(Records from a data source)
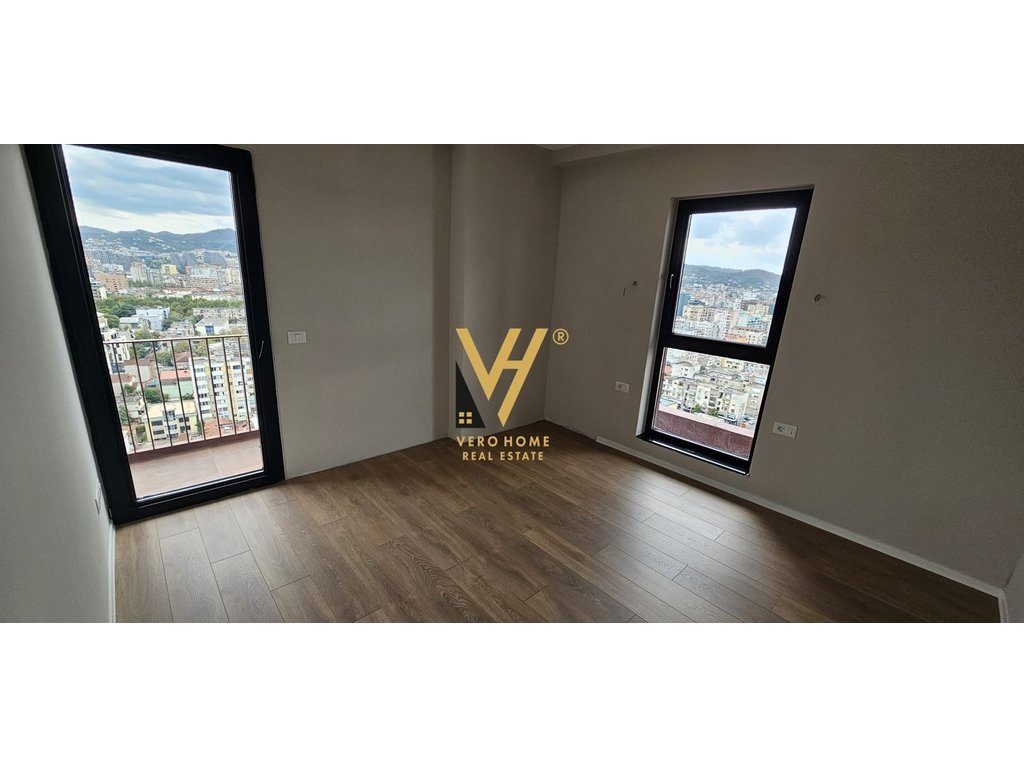 JEPET ZYRE 160M2 ME QERA TE GARDEN BUILDING 2.000 EURO 4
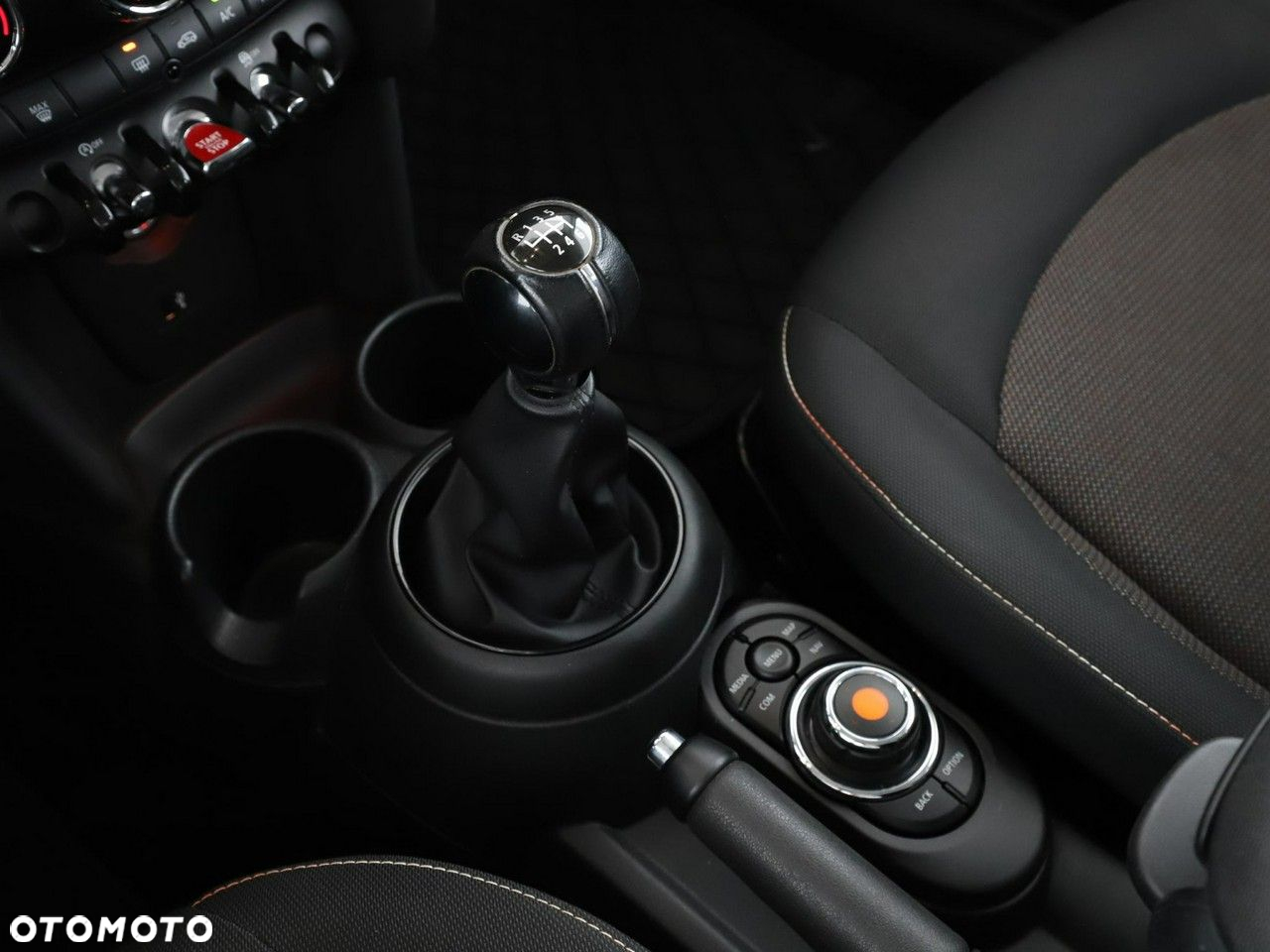 MINI Cooper Standard - 28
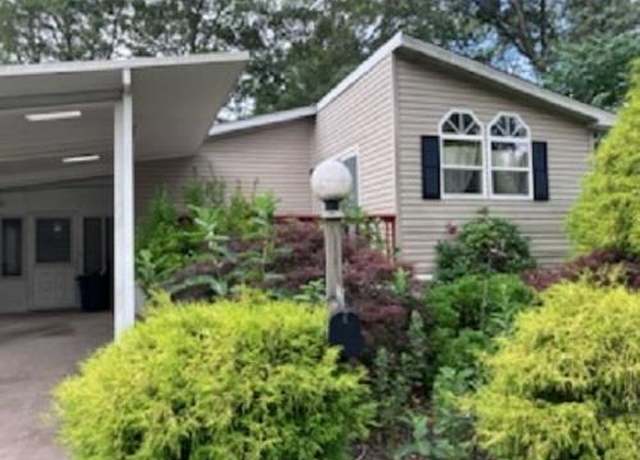 Property at 1661 Old Country Rd #120, Riverhead, NY 11901, 2 beds, 2 baths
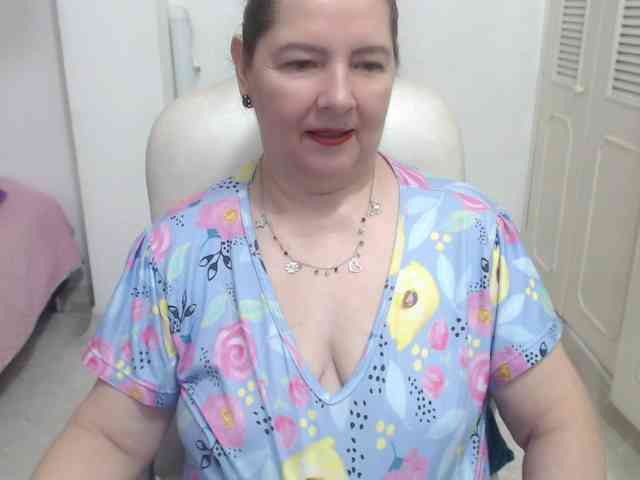 leonela-68 webcam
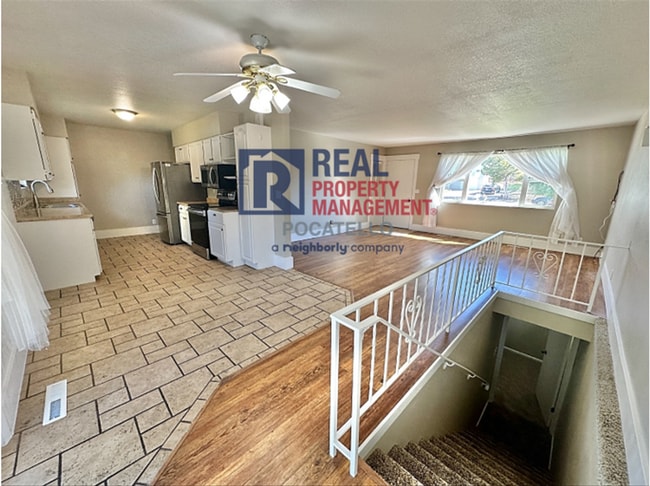 Building Photo - 4 Bedroom 2 Bath - 2 Car Garage House - Do...
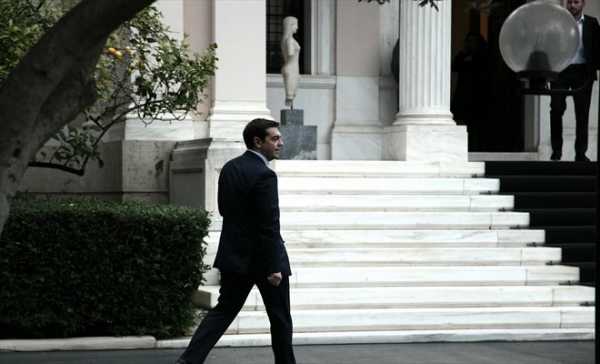 Στην Αθήνα ο πρωθυπουργός ξεκινάει διαβουλεύσεις με τα κυβερνητικά στελέχη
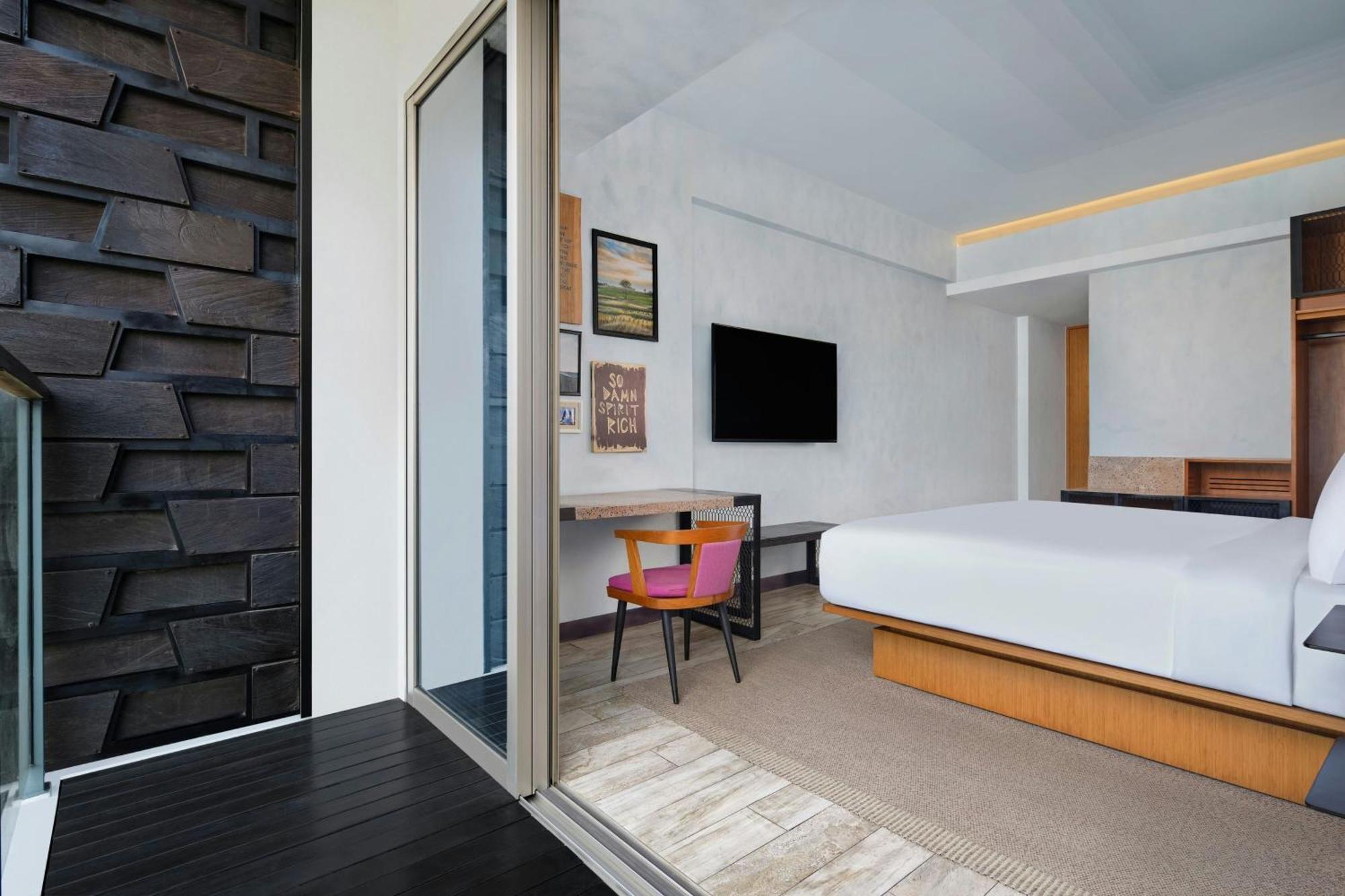 Aloft Bali Seminyak Hotel Екстериор снимка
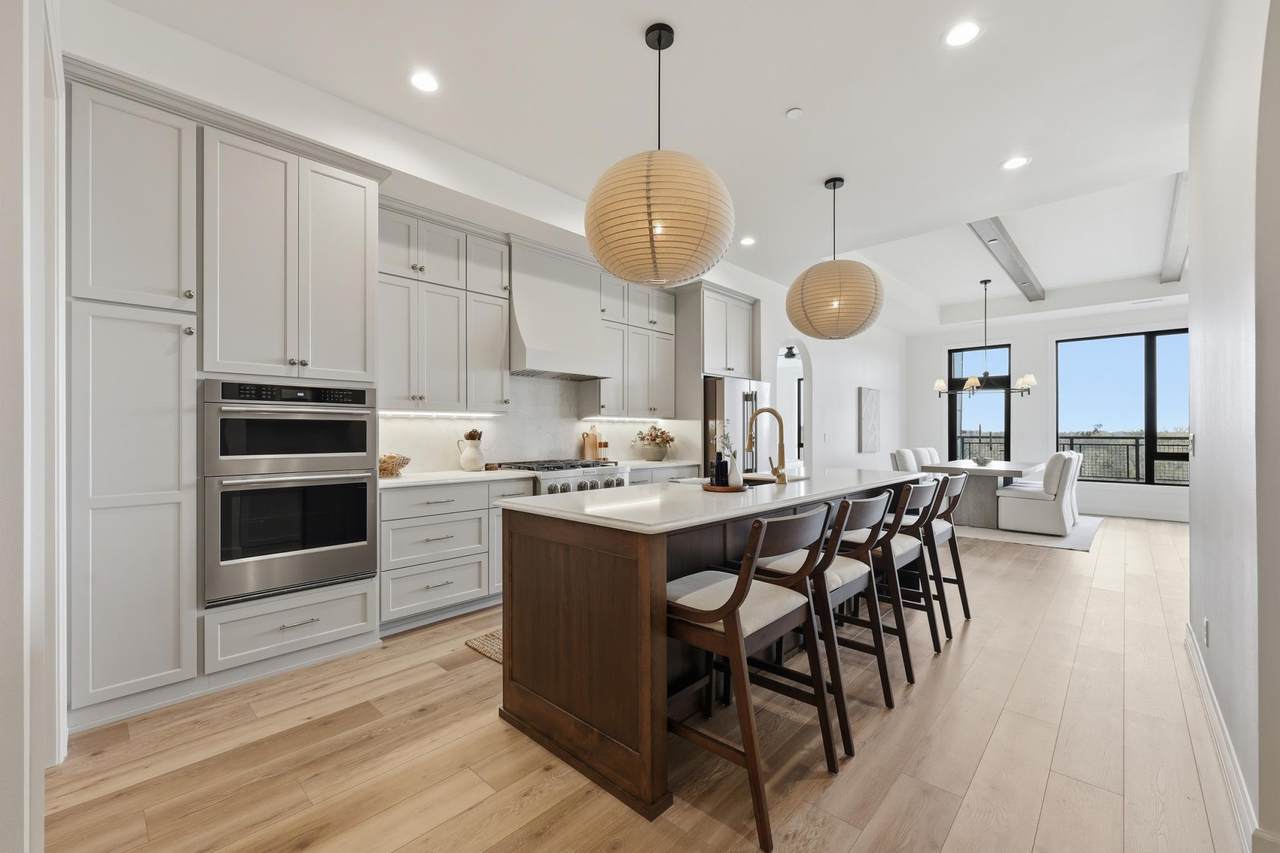 505 Oak Street - Photo 1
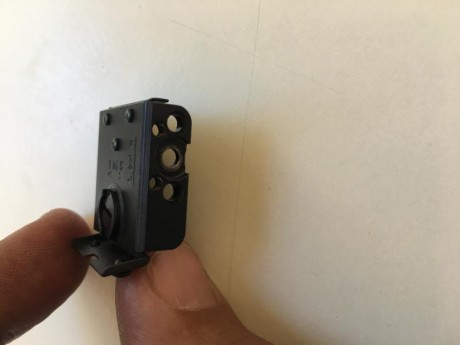 Saludo fuerte a los compañeros foreros. Busco chapa alza para mi walther gsp expert del 22lr. Alguien 01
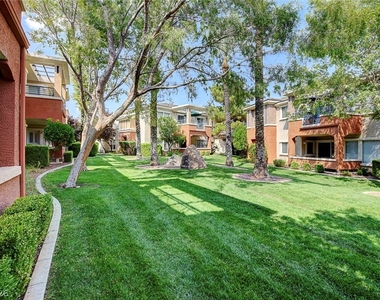 821 Titan Peak Place - Photo Thumbnail 35
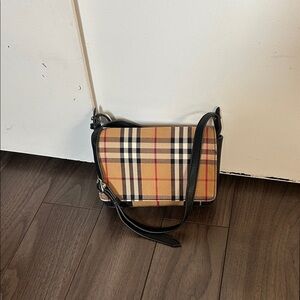 Classic Plaid Crossbody Shoulder Bag - Beige Plaid with Black Trim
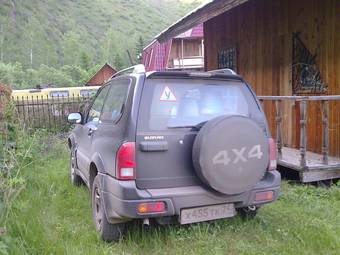 2003 Suzuki Grand Vitara Pictures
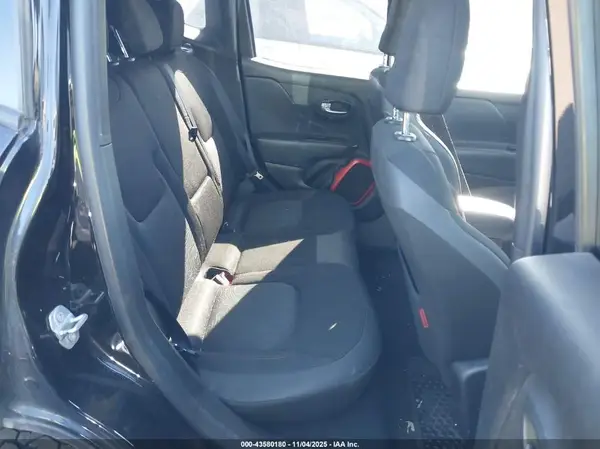 ZACCJBCB4JPH23106 2018 JEEP RENEGADE - Image 8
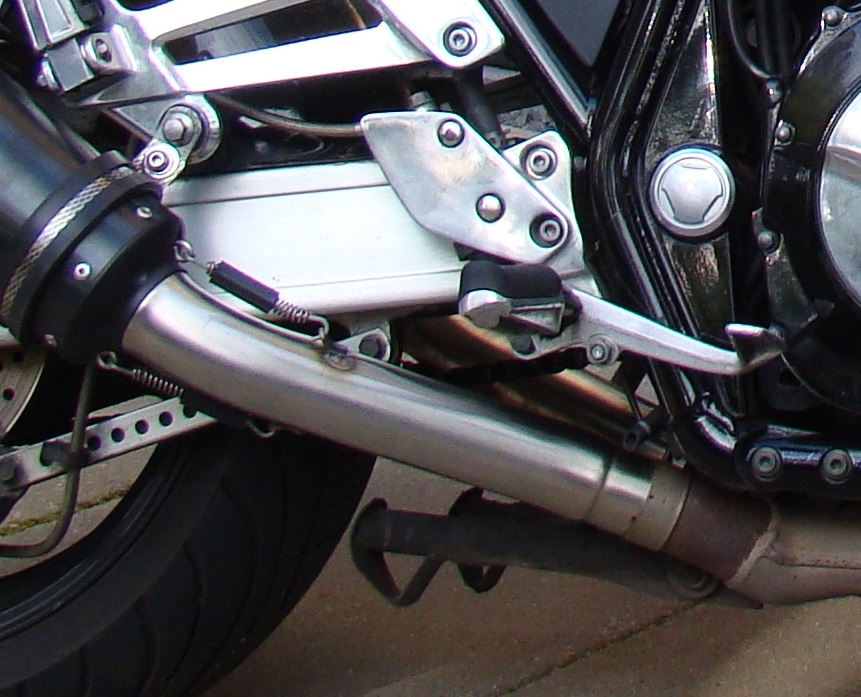 Escape compatible con Yamaha Xjr 1300 1999-2006, Trioval, Par de terminales de escape homologados, con db killer extraíbles y tubos de conexión específicos 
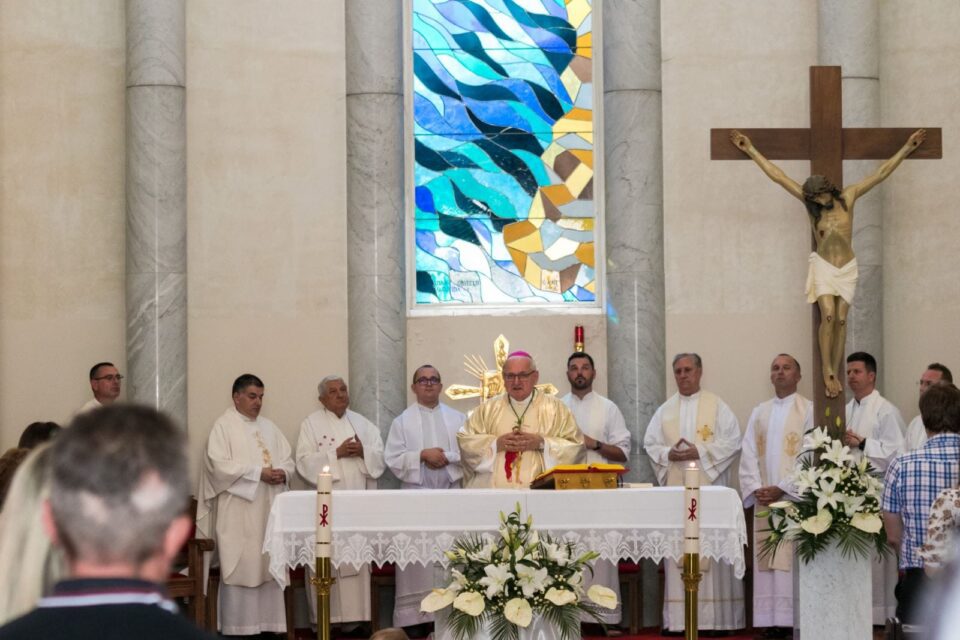 Biskup Rogić slavio misu na svetkovinu sv. Ivana Krstitelja na Škurinjama u Rijeci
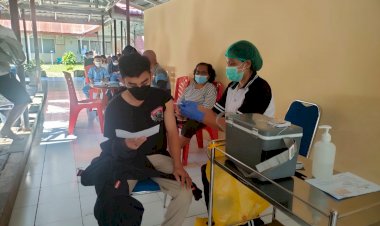 Percepatan-Kekebalan-Komunal-Bagi-Masyarakat,-RSB-Titus-Uly-Kupang-Sediakan-Pelayanan-Vaksinasi-Tahap-I-dan-II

#### Prompt
With the pictures left out, output all the entries exactly.

#### Problem solution
 JEPET ZYRE 160M2 ME QERA TE GARDEN BUILDING 2.000 EURO 4
 MINI Cooper Standard - 28
 Property at 1661 Old Country Rd #120, Riverhead, NY 11901, 2 beds, 2 baths
 leonela-68 webcam
 Building Photo - 4 Bedroom 2 Bath - 2 Car Garage House - Do...
 Στην Αθήνα ο πρωθυπουργός ξεκινάει διαβουλεύσεις με τα κυβερνητικά στελέχη
 Aloft Bali Seminyak Hotel Екстериор снимка
 505 Oak Street - Photo 1
 Saludo fuerte a los compañeros foreros. Busco chapa alza para mi walther gsp expert del 22lr. Alguien 01
 821 Titan Peak Place - Photo Thumbnail 35
 Classic Plaid Crossbody Shoulder Bag - Beige Plaid with Black Trim
 2003 Suzuki Grand Vitara Pictures
 ZACCJBCB4JPH23106 2018 JEEP RENEGADE - Image 8
 Escape compatible con Yamaha Xjr 1300 1999-2006, Trioval, Par de terminales de escape homologados, con db killer extraíbles y tubos de conexión específicos 
 Biskup Rogić slavio misu na svetkovinu sv. Ivana Krstitelja na Škurinjama u Rijeci
 Percepatan-Kekebalan-Komunal-Bagi-Masyarakat,-RSB-Titus-Uly-Kupang-Sediakan-Pelayanan-Vaksinasi-Tahap-I-dan-II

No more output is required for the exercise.